Achilles Pain Tendonitis & Football
May 20 2008 | Articles
Overview of the Achilles Tendon
The Achilles tendon is located just above the heel which is the continuation of the Gastrocnemius and Soleus calf muscles. It forms the lower part of the calf and attaches to the bone of the heel. It functions to produce force in the calf muscles in order for individuals to effectively walk or run. It is the strongest and largest of the tendons in the human body since it can actually support individuals’ full body weight and more.
What is Achilles Tendonitis?
Achilles Tendinopathy or Achilles Tendonitis is characterized by pain in the Achilles tendon which radiates to the lower calf and heel. It is a common medical condition among footballers since the tendon is used frequently resulting to wear and tear. The tendon experiences degeneration which is also called tendonosis.

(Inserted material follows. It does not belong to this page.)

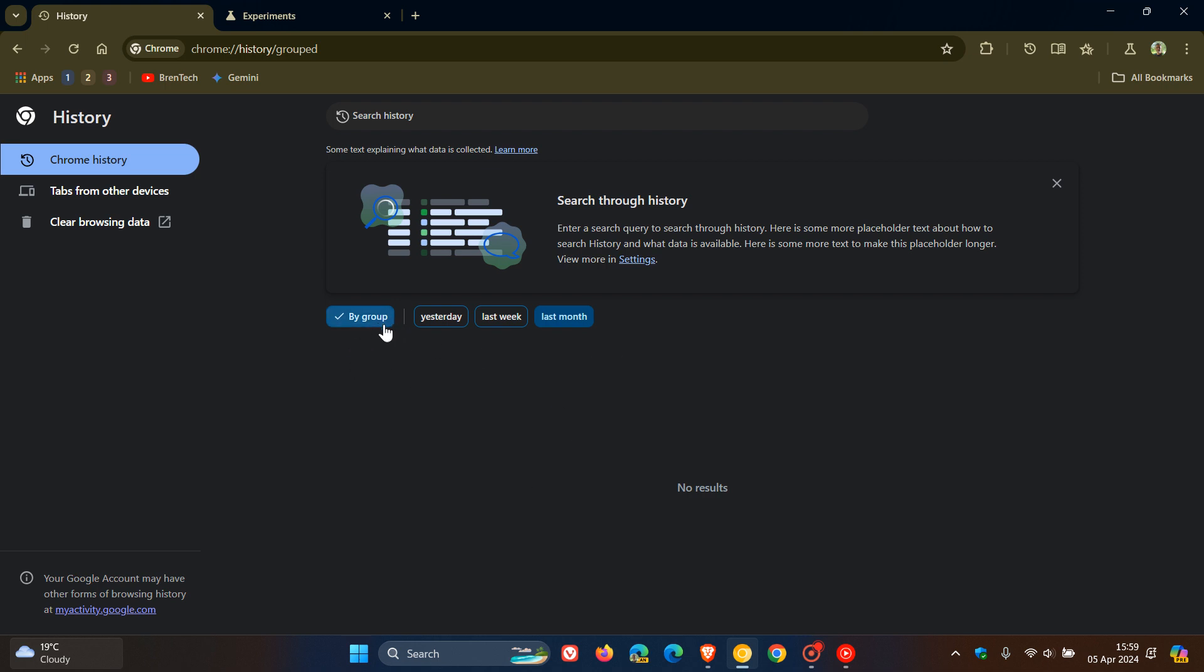It'll just make it a lot easier to sort through your history. And a lot of these new features, as you may know, in Canary browsers, when they first rolled out, it's still early days and they don't operate and function as expected.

Achilles Tendonosis is one of the primary manifestations of Achilles Tendinopathy wherein small lesions inside the tendon are present but the tissues are not inflamed. If the tissues are inflamed, the condition is known as Tendonitis.
The lesions reduce overall strength and stability of the Achilles tendon and chances are that it could rupture with more activity. Tendonitis is more common among footballers and can range among individuals with varying ages.
The usual symptom of Achilles Tendinopathy is pain which becomes more severe during physical activity. The area may also be sensitive to touch and feels stiff after lying down for a long period. The affected tendon can also appear larger compared to the other unaffected one. Compared to Achilles Paratendinopathy, Achilles Tendinopathy patients experience pain when moving the ankle up and down. The Achilles Paratendon does not move during ankle movement.
For pain and swelling, ice packs and Achilles strap help a lot in controlling inflammation. A medical doctor and physical therapist will provide medications that should be taken to reduce inflammation. Strengthening and rehabilitative exercises should be done after the initial acute stage.
If all else fails than surgical intervention may be necessary. Surgery may be indicated to remove the degenerated areas of the tendon and restore the tendon to optimum tensile strength. It takes about three to six months before the individual can resume physical activities and sports.
Running activities and other sports which put a toll on the Achilles tendon should be monitored and controlled in order to ensure that the tendon has fully recovered before the next session. Stretching and strengthening exercises are crucial to keep the tendon stabilized and strong. It is a good idea to wear shock-absorbent insoles or to run on low-impact ground like grass to minimize pressure on the Achilles tendon.